Negotiations with the re-encampment yielded little and were declared a dead-end on April 29. On the early morning of April 30, again drawing from the repertoire of ‘68, Hamilton Hall was taken by an autonomous group and renamed Hind’s Hall, crossing the threshold from encampment to occupation. Despite the internet-vaulted popularity of building seizures at Cal Poly Humboldt and a few other scattered examples, occupation — from on to in — had been tacitly established throughout the movement as a red line. Its traverse at Columbia seemed to portend, at a national scale, both a fracturing of the camps’ centralized organizational structures, and a renewed intensification of struggle. That night, on invitation from Columbia’s president (a baronness named Shafik whose political theory could best be summarized as, Whatever it takes to birth a new generation of the Weather Underground), massive police deployments, bearing familiar armaments and less familiar siege machines, swept Hind’s Hall and the encampment, arresting 109 people and injuring many. Given Columbia’s placement within the movement’s self-understanding, this might have delivered a broad impetus for escalation. May Day was just a day away.

It was not to be. Across the continent, an apposite drama unfolded at UCLA. On that campus, the fortified encampment had been beset for several days by a motley of Zionist “counterprotestors” engaged in various well-funded and high-volume forms of abuse. In the early morning of April 30th, the collected thugs (former IDF soldiers among them) attacked the encampment directly and en masse in a petty pogrom lasting several hours, captured in disturbing details by those present but aggressively ignored — which is to say, enabled — by police and administrators present and absent. This consolidated the largely explicit and generally understood alignment of the universities at a national level with forces of both formal and informal violence.
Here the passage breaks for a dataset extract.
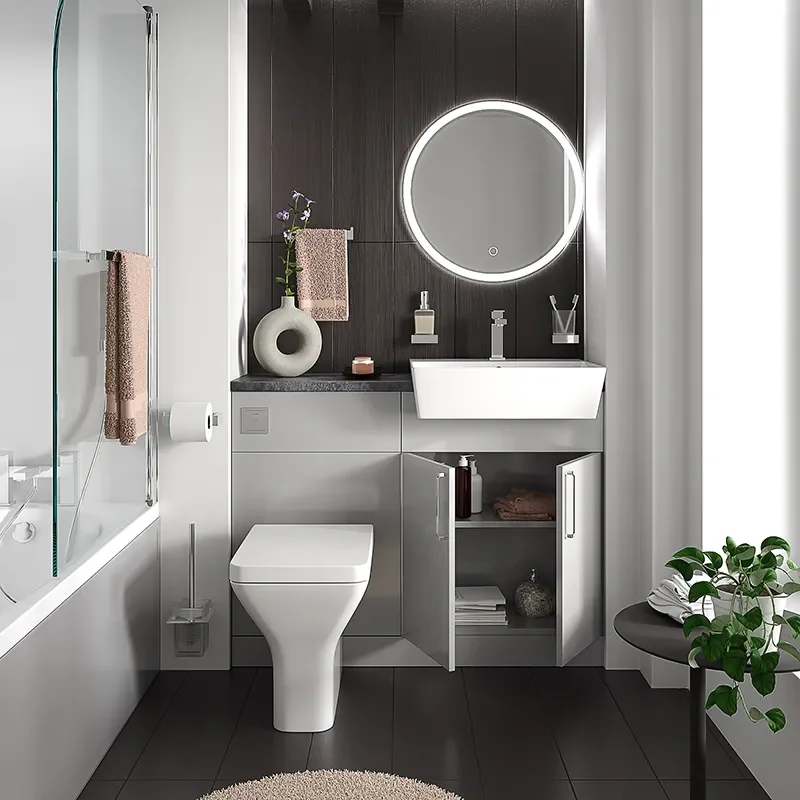 oliver dove grey 1100 fitted furniture small bath suite chrome handles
The petty pogrom tracks recent political developments in the US in which informal actors, with a tacit and unsayable authorization from the state (regularly understood within a DuBoisian context as a racialized deputization), exact often-fatal violence amid antistate upheavals. This has clear continuities with the history of, e.g., racist lynchings, but takes on its own characteristics in this renewed moment of violent reimposition of social hierarchies as a quasi-state project in the twilight of empire. While the increasingly familiar (and increasingly legally immunized) act of driving vehicles into crowds of protestors offers a broad and clear example, Kyle Rittenhouse and Daniel Perry are perhaps the most salient comparisons, both having killed protestors during the George Floyd Uprising (in Wisconsin and Texas respectively), both in the end with impunity.

In considering the path to and away from April 30th, it will be obvious that the fundamental challenge for the student intifada has been the elaborated, state-directed or enabled violence of its domestic antagonists, meted out according to the virulence of the Palestinian Exception. This should in no way be diminished. Internally, the movement has confronted as well a significant difficulty in the alignment of form and content, of tactics and goals, given its position as a solidarity movement distant from its primary antagonists and its primary purpose, the liberation of Palestine.

*** 

The revolution in Palestine has been long, dating at least to the 1936-39 period chronicled by Ghassan Kanafani, himself a PFLP member before his 1972 assassination. The transgenerational struggle has included bombings of railways and pipelines, airline hijackings, airport attacks — among other things, the kinds of actions that would help provide the world with the modern meaning of the term “terrorist,” consolidated by press and politicians in their transvaluation of militant resistance in the seventies. Anticolonial warfare is by definition asymmetrical struggle over territory; terrorism is simply what the imperial side calls the requisite tactics of their antagonists. In this case, form aligns with content, tactics with goals.

This history provides a useful reflection on October’s Toufan al-Aqsa on October 7, 2023 — which was, among other things, a study in asymmetric brilliance. Anticolonial struggle looks like this because it is anticolonial struggle, not (despite Zionist solecisms) because of the moral characters of Hamas or Jihad or the PFLP or DFLP, all participants in that battle within a long war. The same history offers a different reflection, at a quite distinct political level and considerable geographical distance, on the student intifada, whose commitment is inarguably the liberation of Palestine but whose immediate demand is, in main, that the schools divest from firms and funds providing support to the Zionist entity.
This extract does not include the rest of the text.